Practical! A vomitorium outside the bar with locally sourced recycling built in.

But again, perhaps a tarpaulin or something? Would that be too much to ask?

That the sound was done later (and not recorded when they shot the film) isn’t really obvious in most scenes, but it’s very plain in scenes like this. (But then again, there are that many scenes where we see people talking (where the voice actors have to match up)…) The foley work is excellent.

But this section of the film (dancing in the bar) is the first one that is actually boring. I assume that’s on purpose, because it’s tedious beyond belief, and that doesn’t happen by itself.

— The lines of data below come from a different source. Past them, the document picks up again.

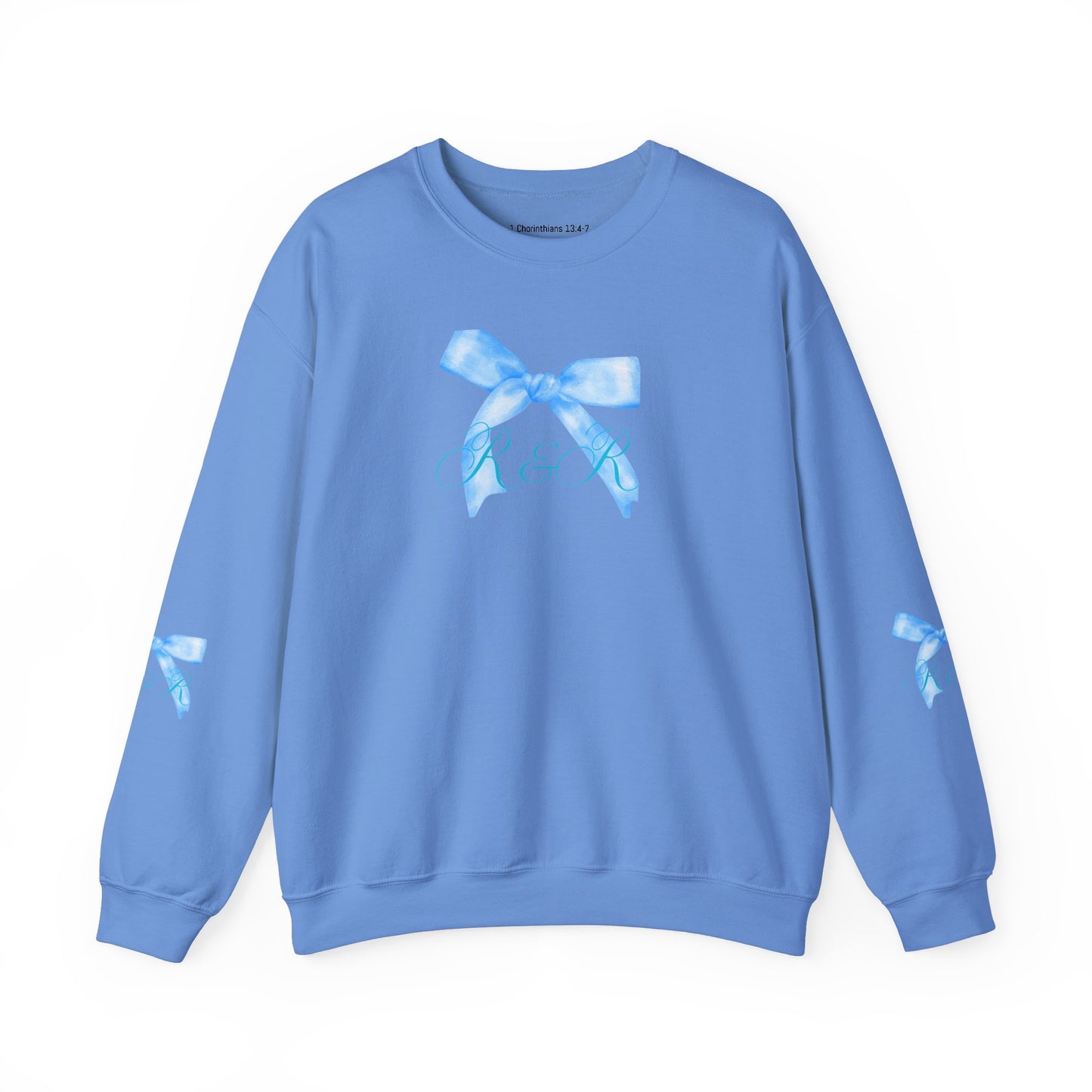 Blue RESTORED & RENEWED Bow Sweatshirt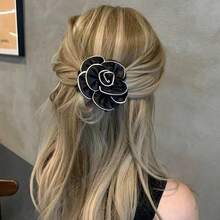 1/2pcs Elegant Fabric Camellia Hair Scrunchies, Fashionable Versatile High Elastic Hair Ties, Chic Ponytail Holder, Ins Style Hair Rubber Bands Hair Rope - Multicolor - View 7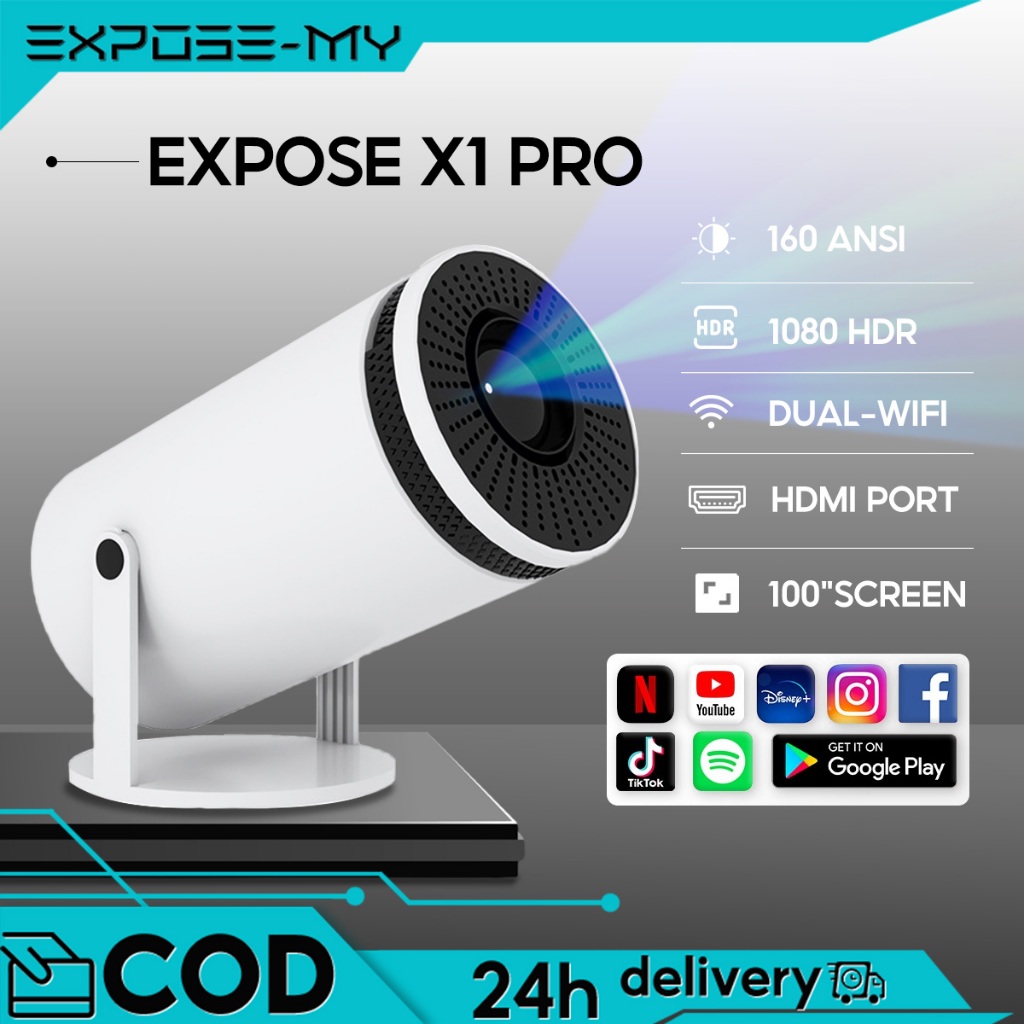 EXPOSE 4K WIFI Projector Mini FHD 8000 Lumens HDMI For Laptop ...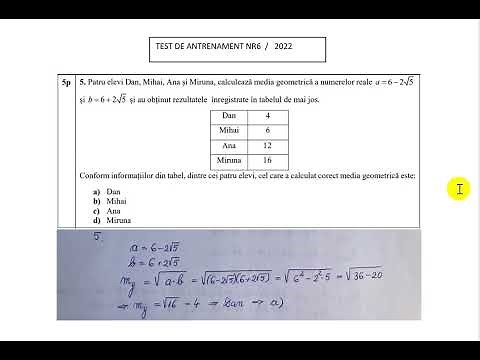 Patru elevi Dan, Mihai, Ana și Miruna, calculează media geometrică a numerelor reale a = 6 - 2 radic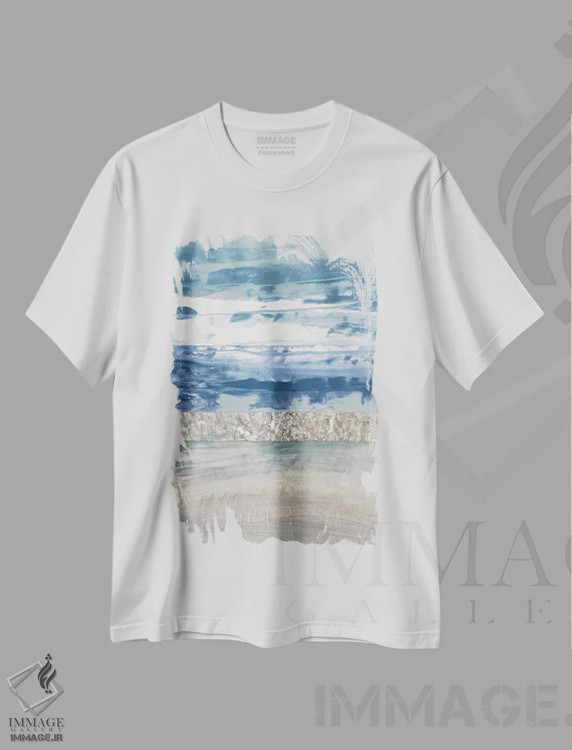 تیشرت سفید طرح دار رنگ های ساحلی ۲، آبستره اثر لوری فیلدز | immage.ir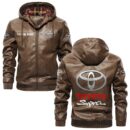 Custom Name Toyota Supra PU Leather Hooded Jacket - Personalized Logo Car Motorcycle Model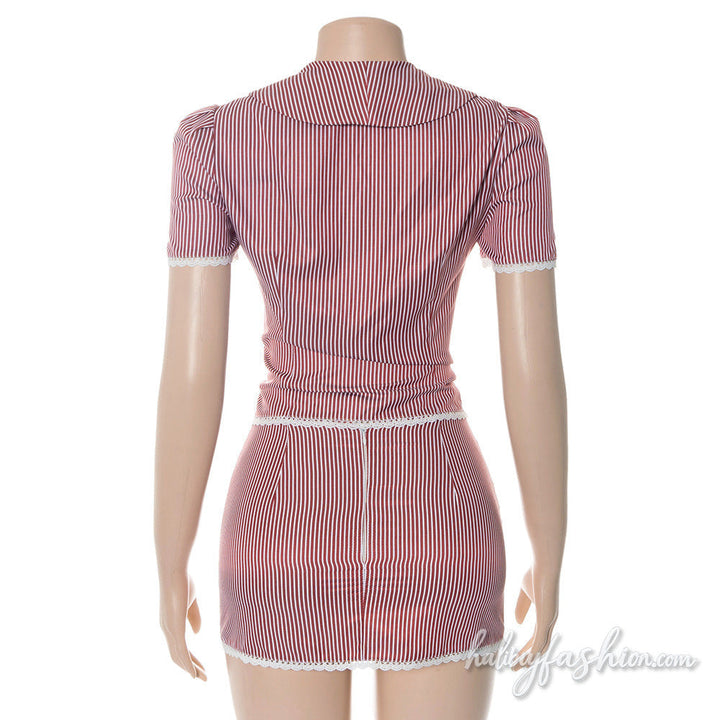 Striped short sleeve lace hem v neck button mini skirt set - Halibuy - 6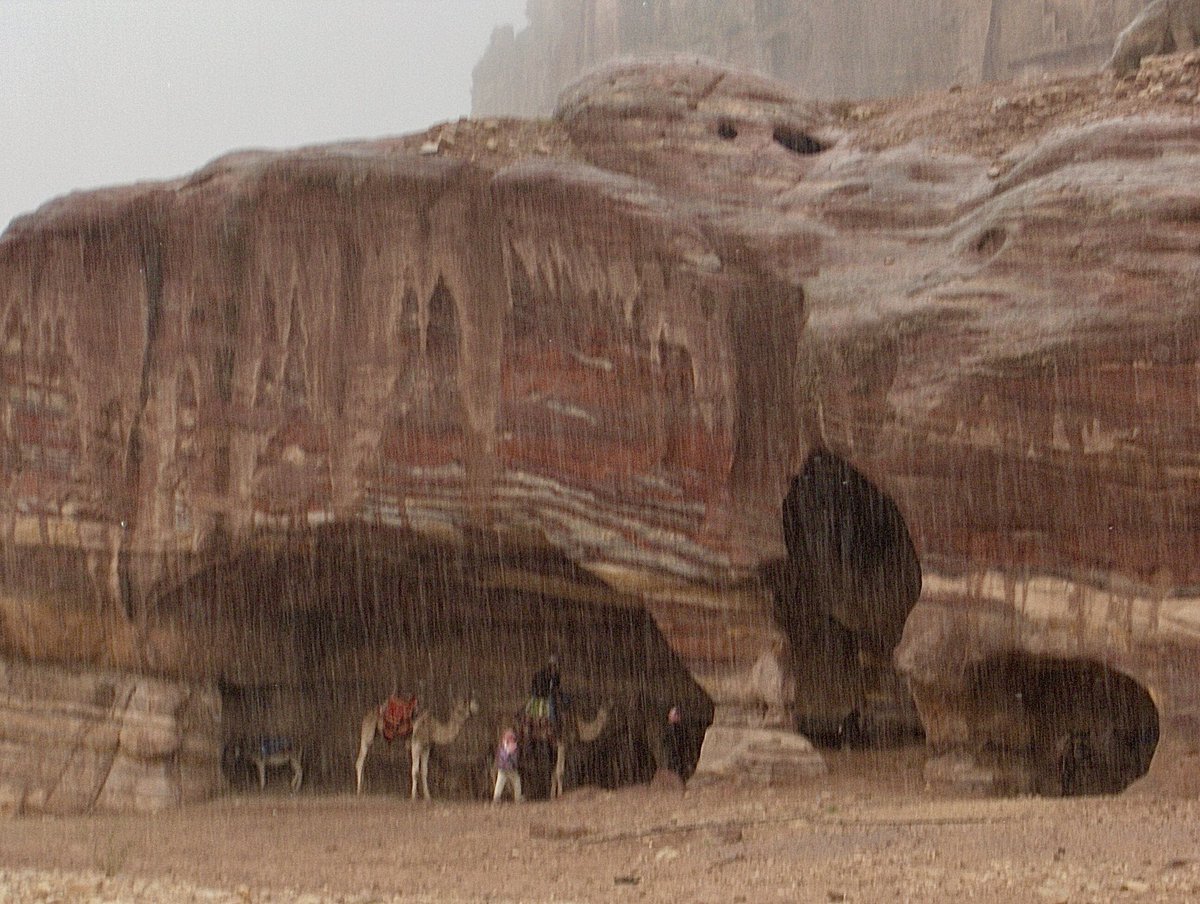 #PTTravel Q5 — Even if it’s not a country with variable weather, I always take a roll-up plastic mac, because I’m a Rainmaker. Everywhere I visit, it rains ☹️🌧️ 
I even caused floods in Jordan.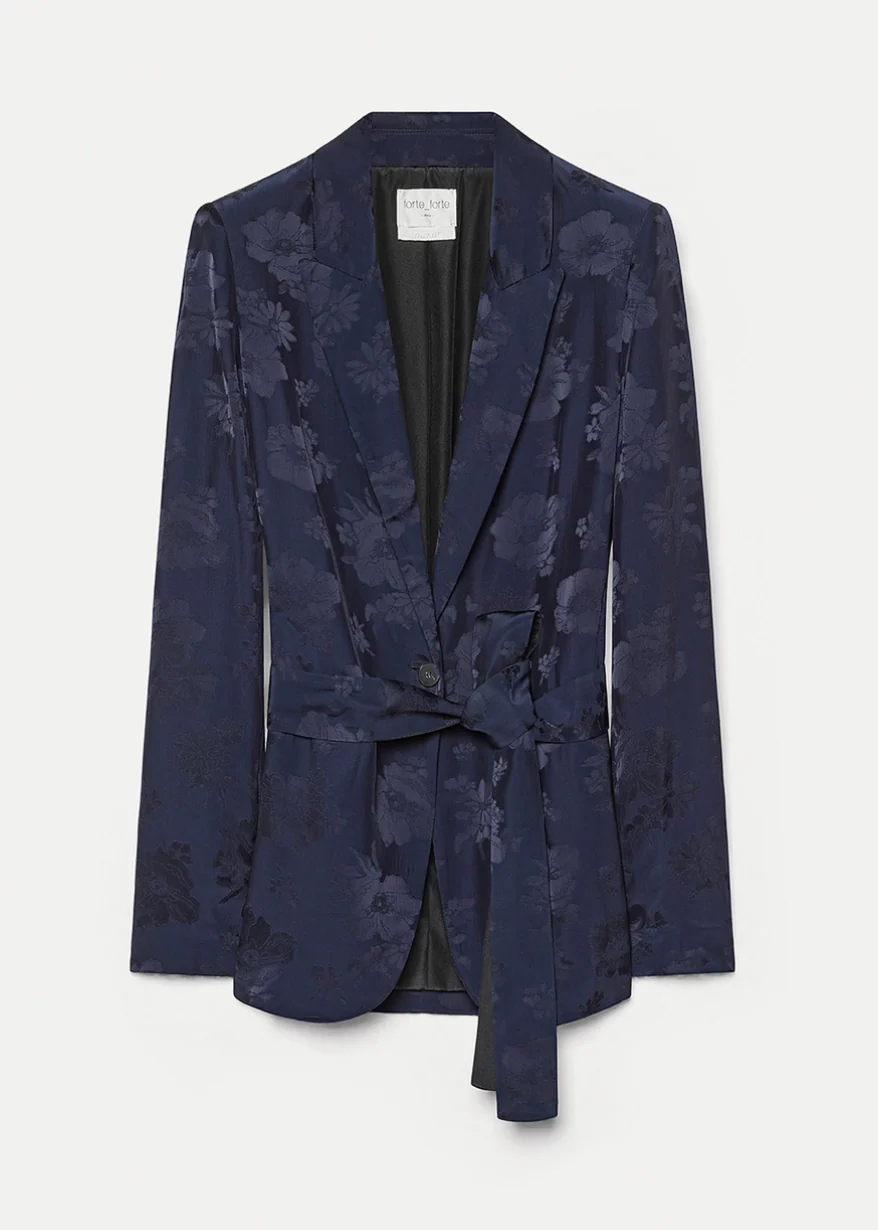 Jacquard Bouquet Jacket in Notte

There are long films where you go, halfway through, “oh I get it now!” And then there are films like this, where you go “ok, we get it now… we get it… WE GET IT”.

I think this movie ran out of things to say about an hour ago, so somewhat ironically, when it stopped being short-film-Rashomon and started moving the plot forward, the movie lost most of its charm.

In interviews, Tarr is adamant that he’s against symbolism and metaphor, so I guess the only reason everybody’s so wet all the time is that they’ve never heard of cheap plastic raincoats?

And the ending? *rolls eyes* Such meta.

So what’s the story?

Because it was a minimum six hour long movie, that was sure at the beginning. And we thought we couldn’t make a linear, six hour-long story without any break, and we decided immediately, let’s go back to this chapter structure. And we also thought, what if nobody wanted to distribute it, then we would have 12 short movies. Twelve chapters, this is very simple, and at the end of every chapter, we will use some sentence from the novel.

But is it any good? Uhm… I enjoyed the first half. There are parts that don’t work, but there’s a whole bunch of scenes that have real nerve. Taken all together, it’s a bit risible — it doesn’t really make much sense, and watching something this devoid of actual humour for seven hours is a bit much. (Tarr makes fun of the characters, but it’s not exactly knee-slapping material.) The relentless grimness isn’t exactly unrealistic — these people could well exist? But all in all, it’s hard to keep your (i.e., my) eyes from rolling when Yet Another Scene Of Grim Poverty appears. At some point it stops being interesting and just becomes voyeuristic.

Sátántangó. Béla Tarr. 1994.

This blog post is part of the Officially The Best 2022 series.